As explained in a previous post, the reason Shakespeare and his contemporaries so often borrowed, or even outright plagiarized, existing work had a great deal to do with the exigencies of producing high-volume, high-speed theater in 16th-century England and little to do with the abilities of the writers themselves to be inventive. Had the Arthur Brooke estate, for instance, owned a copyright on The Tragicall History of Romeus and Juliet, everything we know about Shakespeare’s gifts implies that he had both the talent and the desire to work around this relatively minor creative barrier. Moreover, the result would almost certainly have been a more distinctive play than Romeo & Juliet. After all, Brooke would not have owned the idea of ill-fated lovers, just his own expression of it.
The idea/expression dichotomy is the reason why a large volume of works can share many qualities with one another and still remain distinctive enough to be considered individually “original” and, therefore, separately copyrightable. And in the generalized debate—especially when it’s made tweet-sized—I think people fail to recognize just how subtle the distinctions among works can be in order to render them non-infringing upon one another. Combine this error with a glancing knowledge of Shakespeare, and it’s easy to make The Bard into an unwitting poster child for the importance of borrowing or building upon prior works.

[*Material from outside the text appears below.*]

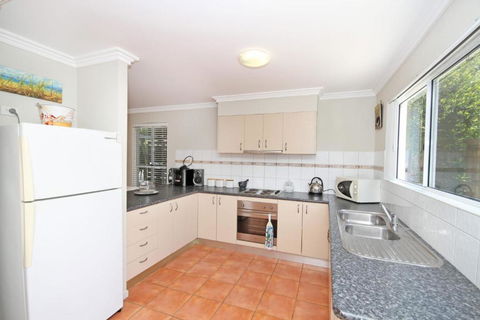 FANTASTIC HOLIDAY UNIT In A PERFECT LOCATION - Accommodation in Surfers Paradise 6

Part of Shakespeare’s genius—as historian Bill Bryson puts it—was to “…take pedestrian pieces of work and endow them with distinction and, very often, greatness.” The manner in which he achieved distinction and occasional greatness was both by invention (e.g. a plot device here, a twist on an idea there) and by his remarkable ability to produce indelible sounds from the fledgling English language. If we were to keep his raw talent intact, remove the political, social, and economic barriers of his time, and replace these instead with only the boundaries of modern copyright, Shakespeare’s ability to draw upon source elements and make them uniquely his own suggests that he would have done quite well in such a regime. To put that in a contemporary context, if author E.L. James is skilled enough to adapt her Twilight fanfic into the separately copyrightable 50 Shades of Grey, I think it’s fair to say that Shakespeare would be up to a similar task.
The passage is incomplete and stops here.